Hätten Mutter und Vater nun ihre Kinder an sich gefesselt und zwischen den Flohmarktständen vom Gelände gezerrt, wäre es bei diesem Geschäft geblieben. Doch die Eltern fühlten angesichts gut erhaltener Markenkinderkleidung ihre eigene, eigentlich unterdrückte Sammelleidenschaft hochkochen. So stimmten sie gedankenlos zu, als die Kinder meinten, sie wollten sich nur noch ein wenig umschauen. Eine solche Unaufmerksamkeit hätte die Eltern in der Steinzeit das Leben kosten können, nun kostete es sie den letzten Nerv.

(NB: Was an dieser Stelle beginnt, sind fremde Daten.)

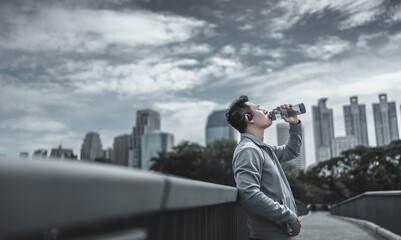 Young sport man drink water after jogging, running in the park. Sport thirsty and resting after...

Alle zwanzig Sekunden standen die Kinder wieder vor ihnen und schwärmten von Schätzen, die sie entdeckt und ohne die sie nun leider nicht weiterleben könnten. Ob sie vielleicht das Taschengeld der kommenden Wochen beleihen könnten? Bitte, bitte (mit manipulativem Hundeblick, stets unwiderstehlich).

Freudig kehrte der Sohn mit seinem als gigantisch beschriebenen DI-NO-SAU-RIER-SKELETT zurück, für das der Verkäufer (auch noch ein erwachsener, der durchtriebene Flohmarkt-Kapitalist!) zwei Euro verlangt hatte. Der Dinosaurier entpuppte sich als daumengroß und war höchstens fünfzig Cent wert, eher zwanzig.

Auch die Tochter strahlte ob ihres Kaufs. Doch hielt sie nicht das günstige und platzsparende Nintendo-Spiel unter dem Arm, das sie angeblich erstehen wollte ("Viel billiger als im Laden!"). Sondern einen riesigen, ehemals weißen Plüschhund auf Rollen. Mit einer knallrosa Leine. Natürlich konnte er kläffen, der Köter, und das laut. "Ihr habt doch gesagt, ihr kauft mir so einen nicht. Da habe ich ihn mir eben selbst gekauft!"

Der Mutter blieb der Mund offen stehen, der Vater dachte an die Kinderwohnhöhle und stöhnte: "Wo soll der denn noch hin?"

"Du kennst doch die Lücke unter meinem Schreibtisch, in die ich immer meine Füße stelle?", sagte die Tochter fröhlich. "Da passt er genau rein."